Dataset excerpts
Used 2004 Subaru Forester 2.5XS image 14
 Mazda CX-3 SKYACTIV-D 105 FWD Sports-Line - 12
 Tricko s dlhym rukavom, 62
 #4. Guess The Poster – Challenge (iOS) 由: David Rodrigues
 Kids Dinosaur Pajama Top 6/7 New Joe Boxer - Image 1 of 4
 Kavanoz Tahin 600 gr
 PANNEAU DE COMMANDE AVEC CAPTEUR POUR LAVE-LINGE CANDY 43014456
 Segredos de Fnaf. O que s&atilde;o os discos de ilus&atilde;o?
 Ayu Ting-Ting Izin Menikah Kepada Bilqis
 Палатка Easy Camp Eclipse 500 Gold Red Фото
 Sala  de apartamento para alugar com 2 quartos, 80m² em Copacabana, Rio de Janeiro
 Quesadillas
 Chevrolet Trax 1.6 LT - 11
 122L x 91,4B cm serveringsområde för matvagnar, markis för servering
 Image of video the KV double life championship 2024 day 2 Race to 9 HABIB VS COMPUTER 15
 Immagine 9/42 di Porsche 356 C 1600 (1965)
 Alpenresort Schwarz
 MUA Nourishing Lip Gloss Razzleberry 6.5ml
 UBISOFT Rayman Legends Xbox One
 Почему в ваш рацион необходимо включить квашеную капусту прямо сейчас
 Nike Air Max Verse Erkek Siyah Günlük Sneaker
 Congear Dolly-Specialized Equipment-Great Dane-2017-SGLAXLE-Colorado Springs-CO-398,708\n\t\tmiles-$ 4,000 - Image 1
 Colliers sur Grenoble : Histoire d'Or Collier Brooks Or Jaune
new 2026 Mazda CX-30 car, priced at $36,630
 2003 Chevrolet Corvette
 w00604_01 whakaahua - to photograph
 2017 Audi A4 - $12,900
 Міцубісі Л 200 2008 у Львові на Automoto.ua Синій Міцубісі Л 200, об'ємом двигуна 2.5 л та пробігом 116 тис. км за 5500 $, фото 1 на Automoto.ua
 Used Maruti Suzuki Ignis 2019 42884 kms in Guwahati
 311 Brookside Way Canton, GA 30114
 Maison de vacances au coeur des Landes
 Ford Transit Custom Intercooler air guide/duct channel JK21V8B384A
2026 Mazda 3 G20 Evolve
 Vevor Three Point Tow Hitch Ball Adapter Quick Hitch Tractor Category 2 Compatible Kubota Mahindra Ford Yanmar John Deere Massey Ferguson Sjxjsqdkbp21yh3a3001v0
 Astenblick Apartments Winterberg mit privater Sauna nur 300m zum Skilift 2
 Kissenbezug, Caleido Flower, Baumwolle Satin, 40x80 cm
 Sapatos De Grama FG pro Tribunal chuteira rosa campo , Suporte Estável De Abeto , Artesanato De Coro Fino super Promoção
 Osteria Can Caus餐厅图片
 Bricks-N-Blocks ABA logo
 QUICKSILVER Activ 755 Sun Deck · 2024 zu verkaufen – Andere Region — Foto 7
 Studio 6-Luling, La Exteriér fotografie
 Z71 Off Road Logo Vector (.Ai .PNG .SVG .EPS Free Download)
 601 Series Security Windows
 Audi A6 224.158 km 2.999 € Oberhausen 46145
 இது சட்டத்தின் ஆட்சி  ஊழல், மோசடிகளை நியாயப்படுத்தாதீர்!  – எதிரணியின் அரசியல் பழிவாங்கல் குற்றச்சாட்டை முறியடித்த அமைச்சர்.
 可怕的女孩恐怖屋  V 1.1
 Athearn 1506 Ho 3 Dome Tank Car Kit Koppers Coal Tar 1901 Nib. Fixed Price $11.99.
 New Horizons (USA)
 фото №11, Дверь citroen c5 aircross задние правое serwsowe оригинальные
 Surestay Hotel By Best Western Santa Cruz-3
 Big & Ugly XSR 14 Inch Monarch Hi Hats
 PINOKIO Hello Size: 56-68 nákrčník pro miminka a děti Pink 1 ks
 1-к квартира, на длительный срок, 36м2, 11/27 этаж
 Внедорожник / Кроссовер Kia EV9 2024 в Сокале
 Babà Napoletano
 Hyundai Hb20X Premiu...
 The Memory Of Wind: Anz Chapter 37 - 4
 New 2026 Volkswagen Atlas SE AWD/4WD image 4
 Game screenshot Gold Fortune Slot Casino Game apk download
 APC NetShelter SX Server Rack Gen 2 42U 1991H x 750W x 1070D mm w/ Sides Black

What you need to do » Reproduce the entries above exactly, starting at their first line and finishing with the line that contains "Nike Air Max".

Reply »
Used 2004 Subaru Forester 2.5XS image 14
 Mazda CX-3 SKYACTIV-D 105 FWD Sports-Line - 12
 Tricko s dlhym rukavom, 62
 #4. Guess The Poster – Challenge (iOS) 由: David Rodrigues
 Kids Dinosaur Pajama Top 6/7 New Joe Boxer - Image 1 of 4
 Kavanoz Tahin 600 gr
 PANNEAU DE COMMANDE AVEC CAPTEUR POUR LAVE-LINGE CANDY 43014456
 Segredos de Fnaf. O que s&atilde;o os discos de ilus&atilde;o?
 Ayu Ting-Ting Izin Menikah Kepada Bilqis
 Палатка Easy Camp Eclipse 500 Gold Red Фото
 Sala  de apartamento para alugar com 2 quartos, 80m² em Copacabana, Rio de Janeiro
 Quesadillas
 Chevrolet Trax 1.6 LT - 11
 122L x 91,4B cm serveringsområde för matvagnar, markis för servering
 Image of video the KV double life championship 2024 day 2 Race to 9 HABIB VS COMPUTER 15
 Immagine 9/42 di Porsche 356 C 1600 (1965)
 Alpenresort Schwarz
 MUA Nourishing Lip Gloss Razzleberry 6.5ml
 UBISOFT Rayman Legends Xbox One
 Почему в ваш рацион необходимо включить квашеную капусту прямо сейчас
 Nike Air Max Verse Erkek Siyah Günlük Sneaker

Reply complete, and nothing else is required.